About the caches, look at "Intel® 64 and IA-32 Architectures Software Developer's Manual Volume 3A: System Programming Guide, Part 1"
Quote from: 7.1.4 Effects of a LOCK Operation on Internal Processor CachesBecause frequently used memory locations are often
cached in a processor's L1 or L2 caches, atomic operations can often be carried out
inside a processor's caches without asserting the bus lock. Here the processor's
cache coherency protocols insure that other processors that are caching the same
memory locations are managed properly while atomic operations are performed on
cached memory locations.
Quote from: sinsi on May 23, 2009, 08:32:02 AM
About the caches, look at "Intel® 64 and IA-32 Architectures Software Developer's Manual Volume 3A: System Programming Guide, Part 1"
Quote from: 7.1.4 Effects of a LOCK Operation on Internal Processor CachesBecause frequently used memory locations are often
cached in a processor's L1 or L2 caches, atomic operations can often be carried out
inside a processor's caches without asserting the bus lock. Here the processor's
cache coherency protocols insure that other processors that are caching the same
memory locations are managed properly while atomic operations are performed on
cached memory locations.
Thanks! How did I miss that? I could've sworn I've read that chapter. :wink
Quote from: UtillMasm on May 23, 2009, 08:20:15 AM
Inventor IDE?
like RadASM?
also masm6148444 open source?
:eek
###
oh my fo! it's a windows java virtual machine client program!
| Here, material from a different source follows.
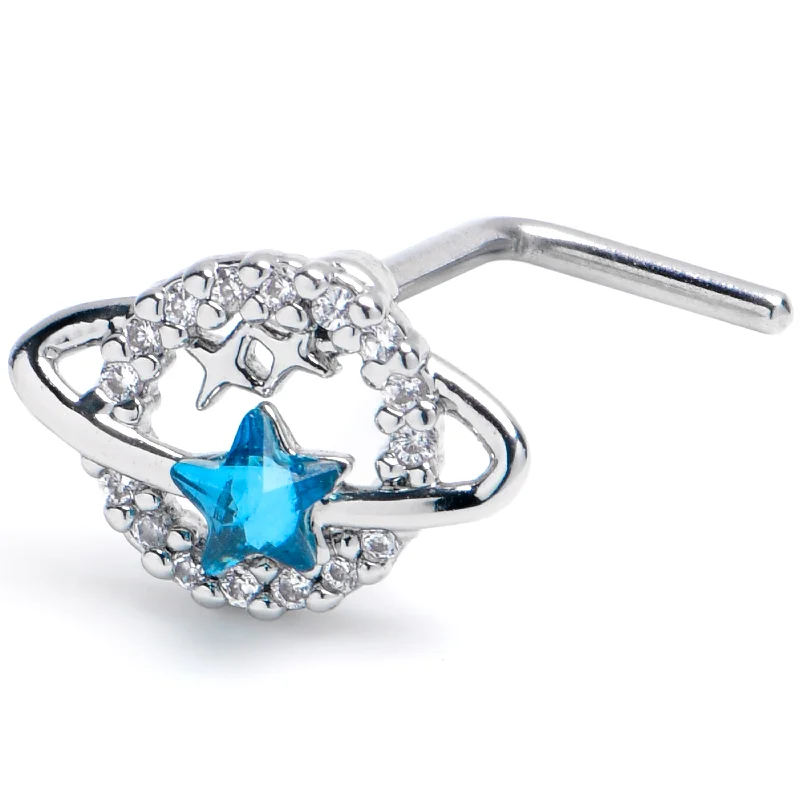 Nose Rings for Everyday Look -20 Gauge 7mm Clear Blue Gem Starry Skies L Shape Nose Ring Nose Rings for Everyday Look -20 Gauge 7mm Clear Blue Gem Starry Skies L Shape Nose Ring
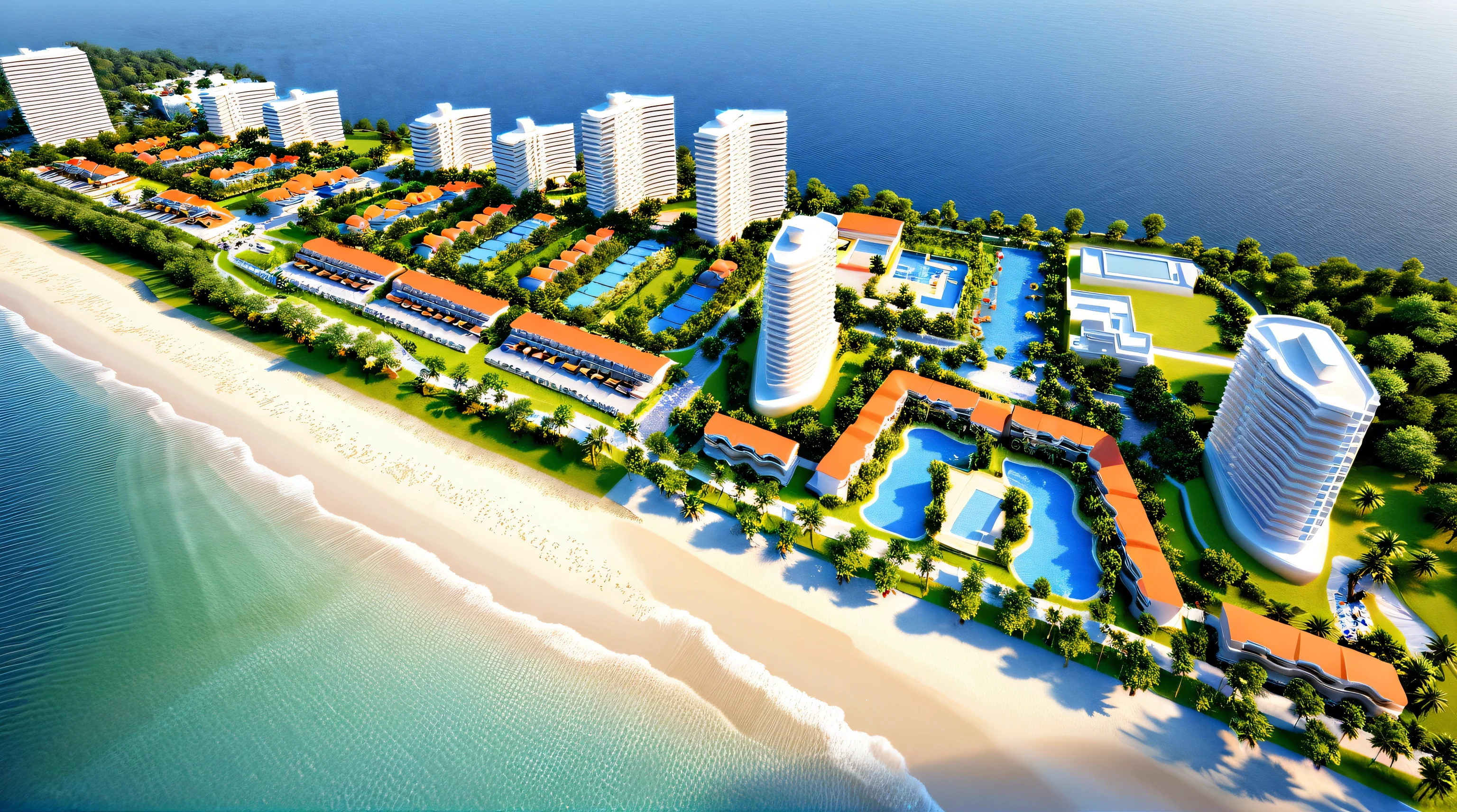 Masterpiece, high quality, best quality, authentic, super detail, outdoors, onestoreyvillaXL, aiaigroup, there is a picture of a city with a beach and a river, sun coast, mixed development, beachfront, tropical coastal city, resort, rendering, port city, highly realistically detailed, digital rendering, 3 d model, 3d model, concept image, highres, in a beachfront environment, high res, artist impression, mantra rendering, full res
Hehe, it's actually not much like RadASM if you know about the best features, but I'll take that as a compliment, since I've used RadASM for years. It has assembling and linking built in (the code for it is across several files in here (http://code.google.com/p/pwnide/source/browse/#svn/trunk/Base/lang) and here (http://code.google.com/p/pwnide/source/browse/#svn/trunk/Base/lang/asm), but the bulk is in ASM.xml, in the download, not the repository), and it has error detection (though not warnings yet), and as you rename things, all of their references get updated automatically. However, it is still an alpha, so it's missing major features like search. I'll be posting a thread about it shortly (when I get Alpha 5a out, since it'll be
much more stable than Alpha 5).
To be clear, there's no intended association with MASM. The code is mostly compatible with MASM, so I had named some things like that earlier-on, but I've tried to remove references like that, since I want to maintain half-decent relations with Microsoft. It should work on linux/Mac too, but it doesn't yet create linux/Mac executables, so it'll probably crash if you hit Run. Also, it won't be in Java forever, since the memory it takes up is ghastly; a friend of mine is starting the long task of porting to C/C++.